Things don't have to go wrong for us personally to appreciate fear.  I look at some of the monumental emergency scene screw-ups made by chief officers in the history of time and I fear making those same mistakes.  Thus, I take precautions not to repeat those mistakes and subsequently, I change the outcome.  I am not paralyzed by fear.  Fear does not cause me to panic.  Fear sends off a warning bell; not even that, really, more like a subtle chime in my head, that we are about to tread on dangerous ground.  Other than that, I have not conditioned myself to ignore fear, I have learned to regard it as a last minute gut check that what I am about to do is the right thing.

The thing I fear, really, is people who have no fear.  For whatever reason: stupidity, machismo, lack of experience, failure to observe worst case scenarios, etc., those with absolutely no fear are often the ones whose aftermath I have to clean up.  They are the ones I have to rescue out of that confined space because they charged in without thinking of the consequences.  They are the ones I have to activate a RIT for because they put themselves into an untenable situation.
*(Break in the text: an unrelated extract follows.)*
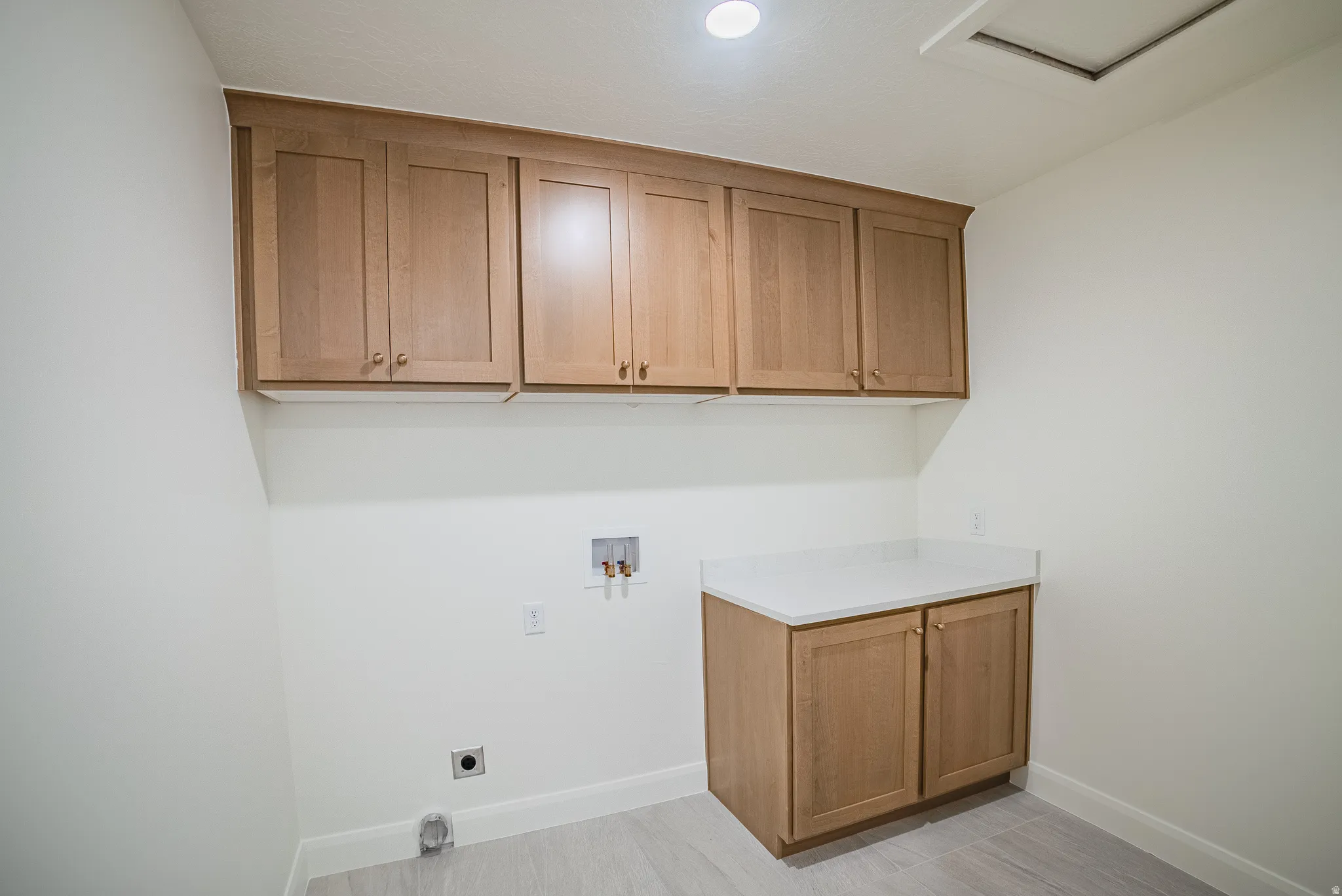 Light wood-finish cabinetry with gold-tone hardware, white countertop, and light wood-finish flooring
They are the ones who shoot off their mouth with no consideration of the consequences and now I have to un-fuck their fuck-up.  People with no fear keep me busy.

Between our own people and the civilian population, it is my observation that in that ever-turning wheel of Karma, those who have no fear end up being the ones huddled in the entangled mess of a car, begging for you to get them out.  Then they really know what fear is all about.  If you aren't afraid of anything, you need to take extra precautions the next time you engage in something considered dangerous by the general public.  Sometimes fear is cloaked by the lack of common sense.

Take fear for what it is and use it to improve your situation. You may consider fear to be your friend, but it is present for all of us, and it should translate into respect for the situation and an understanding of the consequences, not just for you, but for those of us who have to clean up your mess when you are finished.

  • Tim Lasley

    That is the 2nd or 3rd article I have seen on this subject. You are spot on. Fear is normal response. We have to remember rational thought is not fully developed till 25.. There we go.. Good article

  • Peter Lupkowski

    I am the “Chicken Little” of my department. As the designated Safety Officer I have enough fear for everyone, but the adage common sense is no longer common hits home more than we’d like to admit. More and more I see us relying on our institutional memory to avoid or deal with problems. But we all have to leave sometime.

    Panic serves no one but the hyper-vigilance accorded to my fear seems to keep my brain working, even when the body slows. That does help.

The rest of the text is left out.